What makes this more
notable is that it was not inevitable. International platforms like eBay had
built pricing flexibility into their models through bidding and offer
mechanisms long before Indian e-commerce scaled. A buyer in Germany or
Singapore could submit an offer on a listing and bargain toward a price. That
feature never made it into the Indian shopping experience, despite India being,
by most measures, the world’s most price-sensitive large consumer market.
The
Founder
Shahnawaz Merchant, who
founded Gajab, spent years as a seller on international e-commerce platforms
including eBay, trading with buyers across Singapore, the United States, the
Middle East and Germany. The contrast he observed there was direct.
International buyers on those platforms could make offers. They could submit a
number and wait to see what happened. That back-and-forth (the digital
equivalent of the bazaar exchange) was built into the experience as a standard
feature.
Indian e-commerce
offered none of this. The platforms had chosen speed and scale over
participation. Merchant watched the industry move further in that direction,
more automated, more frictionless, more fixed, while the country’s actual
retail behaviour stayed stubbornly unchanged in its preference for the bargain.
The
Platform
Gajab, available on
Android, iOS and at gajab.com, is built on a single premise: give the buyer a
say in the price.
The platform lets
buyers submit what they consider a fair price for any listed product (what
Gajab calls the buyer’s "Mera Right
Price"), a deliberate play on MRP (Maximum Retail Price), the
printed figure that has always told Indian consumers what a product costs,
without ever asking what they think it should.
An automated bargaining
engine evaluates each offer against the seller’s pre-set floor price and
parameters and responds, without any direct interaction between buyer and
seller being required. Sellers define their floor and their bargaining range at
the time of listing. Buyers submit an offer. The platform handles the exchange.
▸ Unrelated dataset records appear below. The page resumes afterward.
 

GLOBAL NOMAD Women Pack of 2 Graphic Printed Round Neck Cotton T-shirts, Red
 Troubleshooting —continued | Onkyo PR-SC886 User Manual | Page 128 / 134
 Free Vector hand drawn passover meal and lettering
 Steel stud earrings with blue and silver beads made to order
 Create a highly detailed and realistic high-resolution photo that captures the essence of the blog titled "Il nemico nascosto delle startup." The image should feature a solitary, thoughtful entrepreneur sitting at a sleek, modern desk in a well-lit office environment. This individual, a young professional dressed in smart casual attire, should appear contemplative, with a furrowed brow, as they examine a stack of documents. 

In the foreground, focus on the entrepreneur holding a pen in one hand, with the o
The average bargain completes in under 30
seconds, faster than checking prices across two competing apps.
Gajab has launched in
beta across India with 5,000 SKUs across three
categories: toys and games, home and kitchen, and stationery. The
company is targeting 25,000 SKUs before the end
of the current quarter, more than doubling its opening catalogue
within 90 days of going live.
The category choices
carry a logic. Toys and games are bought for occasions (birthdays, festivals,
gifts), making buyers particularly price-conscious and motivated to seek a
better deal. Home and kitchen and stationery are repeat-purchase categories
where comparison shopping is already standard behaviour. These are buyers who
are, in effect, already looking for their right price. Gajab is the first
platform to let them say it.
What
Early Users Found
Among buyers who tried
the beta, Goutham from Bangalore described his first experience plainly. "Finding
a bargain feature like this online was a complete surprise," he said.
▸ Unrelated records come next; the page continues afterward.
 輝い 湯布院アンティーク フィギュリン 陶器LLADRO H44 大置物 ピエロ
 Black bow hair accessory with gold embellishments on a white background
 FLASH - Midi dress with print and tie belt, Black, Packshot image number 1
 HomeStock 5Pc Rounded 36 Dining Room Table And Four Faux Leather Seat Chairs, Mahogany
"I loved my first bargain and placed my order right away."
On the seller's side,
Sagar Navapara, Proprietor of Unique International, said the speed of his first
conversion stood out. "I got my first order within three days of going
live on Gajab. It is the easiest marketplace I have listed on."
The Larger Bet
The problem Gajab is
attempting to solve is hard to dismiss. Deloitte and FICCI data shows that Tier
2 and Tier 3 cities now account for over 60% of e-commerce transactions in
India. These are markets where bargaining has not retreated into nostalgia. It
is a current behaviour, practised daily in physical retail. As digital commerce
expands deeper into Bharat, the gap between how those consumers shop offline
and what online platforms offer them is not closing. It may, in fact, be
widening.
Indian e-commerce has
spent a decade asking India to shop differently.
“Gajab
is asking India to shop like itself.”